| EXERCISE OBJECTIVE |
In the records below, find the line with "Slow Cooker Baked", then retype it and every following line exactly, stopping after the line with "25 квітня православні". Leave the pictures out.
START EXERCISE DATA
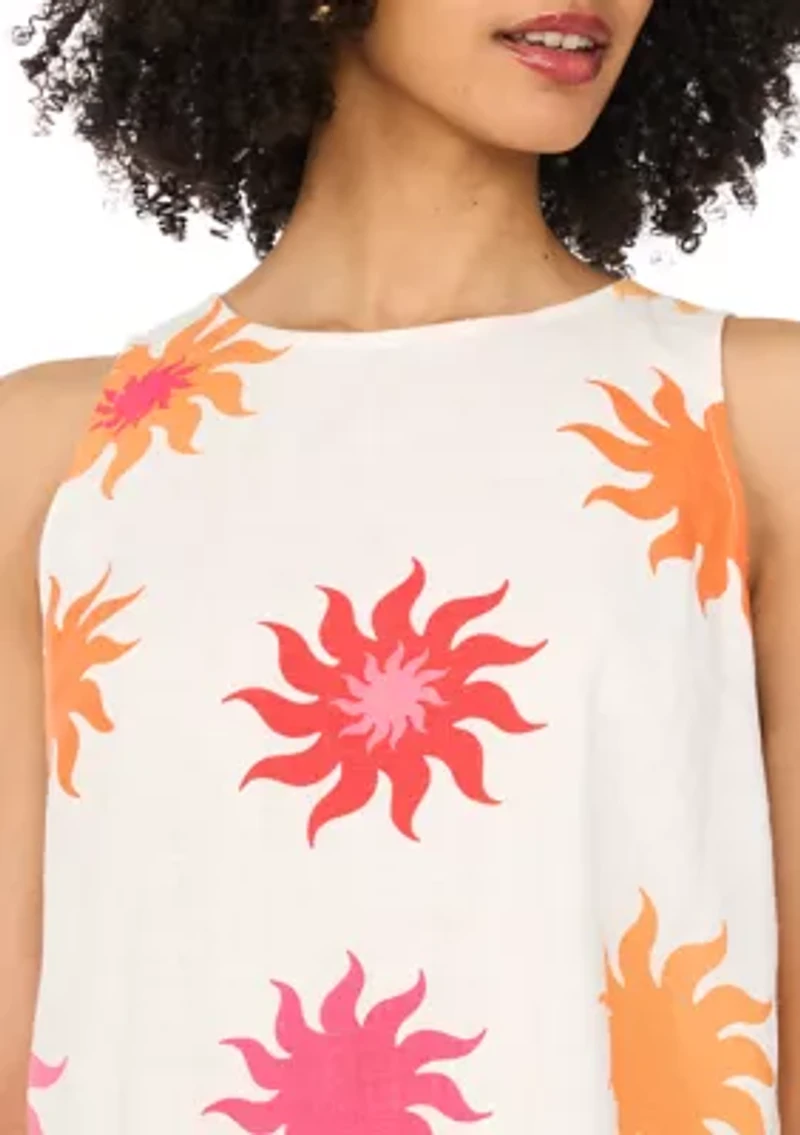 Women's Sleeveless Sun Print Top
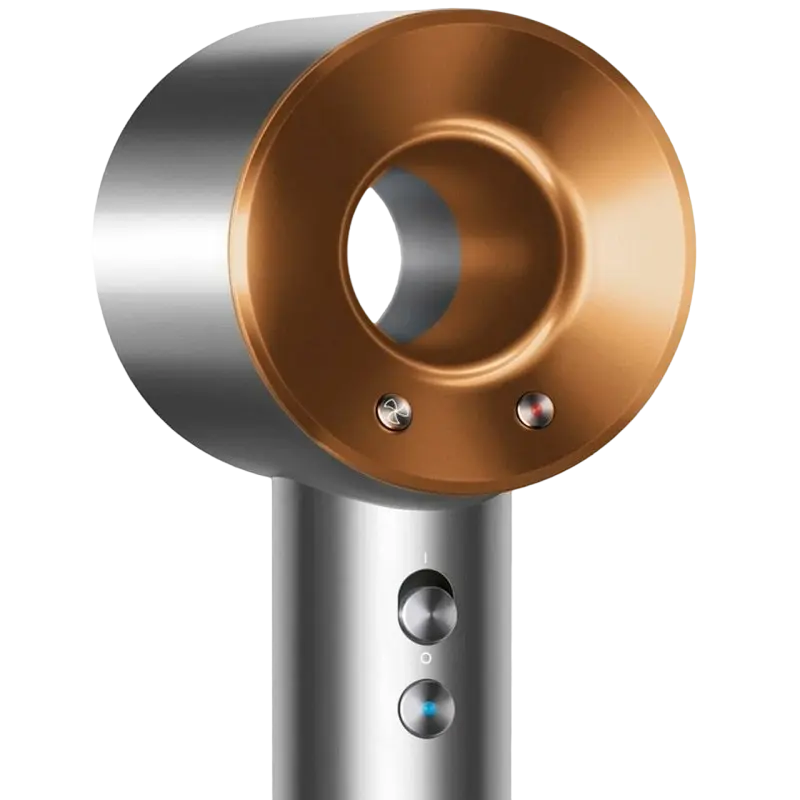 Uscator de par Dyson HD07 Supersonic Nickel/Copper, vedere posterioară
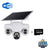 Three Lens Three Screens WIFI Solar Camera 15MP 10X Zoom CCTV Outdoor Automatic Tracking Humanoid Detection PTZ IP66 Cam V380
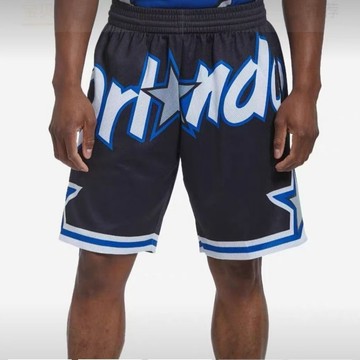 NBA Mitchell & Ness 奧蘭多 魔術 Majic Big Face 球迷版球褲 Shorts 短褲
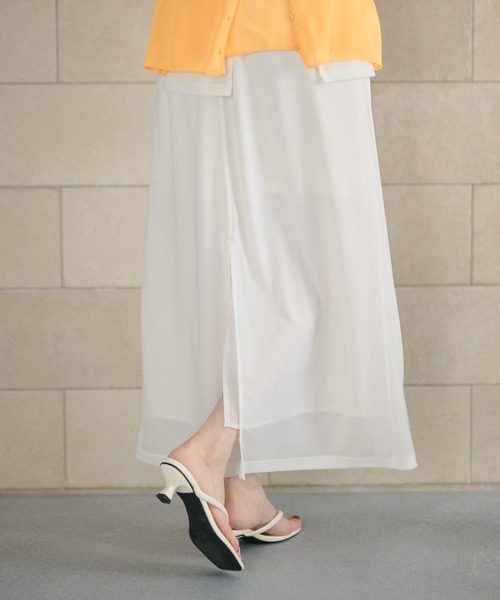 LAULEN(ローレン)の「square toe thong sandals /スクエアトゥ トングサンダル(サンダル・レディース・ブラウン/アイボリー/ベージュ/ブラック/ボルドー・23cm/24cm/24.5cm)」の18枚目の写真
END EXERCISE DATA
START EXERCISE DATA
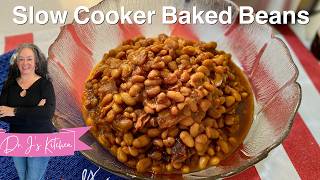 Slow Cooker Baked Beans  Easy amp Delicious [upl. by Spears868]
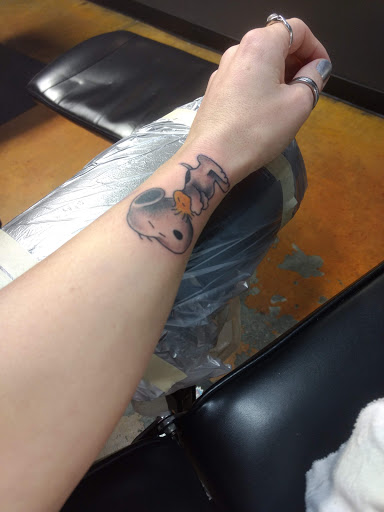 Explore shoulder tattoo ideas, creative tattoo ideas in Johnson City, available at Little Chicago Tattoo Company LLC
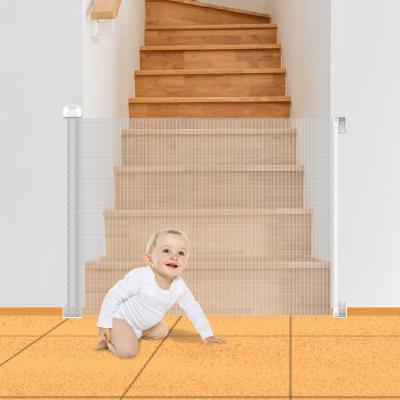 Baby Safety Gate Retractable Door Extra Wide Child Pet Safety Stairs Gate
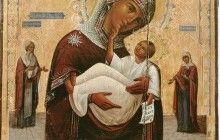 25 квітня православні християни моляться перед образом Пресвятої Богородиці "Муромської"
END EXERCISE DATA
START EXERCISE DATA
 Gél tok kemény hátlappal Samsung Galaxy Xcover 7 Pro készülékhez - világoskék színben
END EXERCISE DATA
| COMPLETED EXERCISE |
 Slow Cooker Baked Beans  Easy amp Delicious [upl. by Spears868]
 Explore shoulder tattoo ideas, creative tattoo ideas in Johnson City, available at Little Chicago Tattoo Company LLC
 Baby Safety Gate Retractable Door Extra Wide Child Pet Safety Stairs Gate
 25 квітня православні християни моляться перед образом Пресвятої Богородиці "Муромської"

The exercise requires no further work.